Wednesday, June 16

Ford to Tory: Focus on fighting crime, not saving council size

Rather than meeting to find ways to save a bunch of their jobs, Premier Doug Ford suggests Toronto councillors use the time to try to save lives.

In an open letter Friday from the premier’s office to Mayor John Tory, Ford strongly suggests council move on from the debate about the reduction of city councillors and put its priorities on the deadly issue of guns and gangs.

“I implore you, along with Toronto city council, to address this critical issue at your meeting on Aug. 20 and add funding for guns and gangs to the city council agenda. The people of Toronto, and by extension Ontario, need and deserve to feel safe in the city and our great province,” Ford wrote.

The premier was commenting on a special meeting council has scheduled for what he understands is “to discuss the Better Local Government Act, which recently was passed and received royal assent.”

Ford indicated that since the act is already law, the time would be better spent on the city’s murders and wild shooting sprees. With it having been such an ugly summer, with far too many innocent people slain, it’s refreshing to hear a politician not use the same old rhetoric in talking about looking for solutions.

It’s also vital.

All players have to get on the same page before any more people out bowling, sitting in their car, or out for ice cream get gunned down. Serious action has to happen before any more kids are shot while having fun in their local playground.

Ford is correct in calling out council on this one. The violence in Toronto is way more important than a court challenge to determine the size of council.

Ford and Tory have already been at odds over approaches on how to fight crime.

The mayor has been talking about an all-out handgun ban while Ford has been on record saying legal, law-abiding target shooters should not be the focus but rather the illegal gun traffickers and gangsters who peddle them.

The premier’s letter does not pull any punches and puts the onus on what can be done to combat crime squarely at Tory’s feet.
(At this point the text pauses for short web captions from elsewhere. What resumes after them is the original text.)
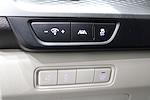 2024 Kia Carnival FWD Minivan for sale #33093P - photo 13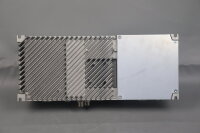 Siemens 6SL3520-1XA20-5AF0 Frequenzumrichter 0,55kW 0,75HP FS:04 RS:DB Unused OVP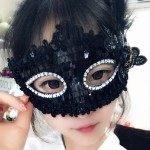 何家二少专属守护骁儿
“Mayor, I submit to you that the citizens of Toronto cannot wait for funding to help fight guns and gangs,” wrote Ford. “Already in 2018, Toronto is on pace to have the deadliest gun-related homicide rate in years. This is unacceptable, and requires immediate action from all levels of government without reservation. I strongly believe that this issue requires rapid and decisive action from the City of Toronto and the federal government.”
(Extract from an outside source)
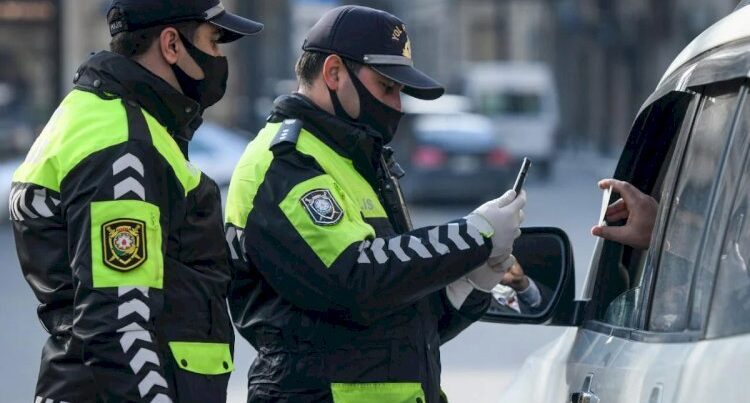 Diese Fahrer werden nicht bestraft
As for the change in council from 47 to 25 seats, Ford wrote: “I’m very pleased that Toronto city council will now be able to conduct business for the citizens of Toronto more efficiently and effectively while saving taxpayers tens of millions of dollars.”

But the key priority, said Ford, is to stop the gang violence and murders of innocent people, as young as ten years old.
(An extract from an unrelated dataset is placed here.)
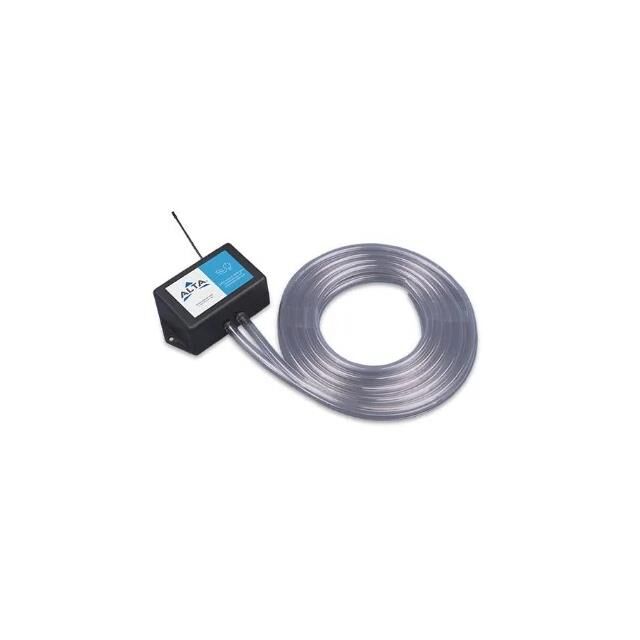 MNS2-9-W2-PS-DP-LPO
“As you know, on Aug. 9, our government announced an additional $25 million, on top of the $76 million the province already provides to support the fight against guns and gangs in Toronto. These resources will be strategically targeted to ensure maximum impact in the fight to keep Toronto streets safe,” wrote Ford. “At that time, the Province of Ontario asked that the city and the federal government match our unprecedented investment.”

Tory, who a spokesman said plans to respond to Ford in a formal letter, told reporters at the CNE Friday that he has given staff the go-ahead to match what the premier has allotted for police in 2018, and will take it up with the new council for the remaining three years if he’s re-elected this fall.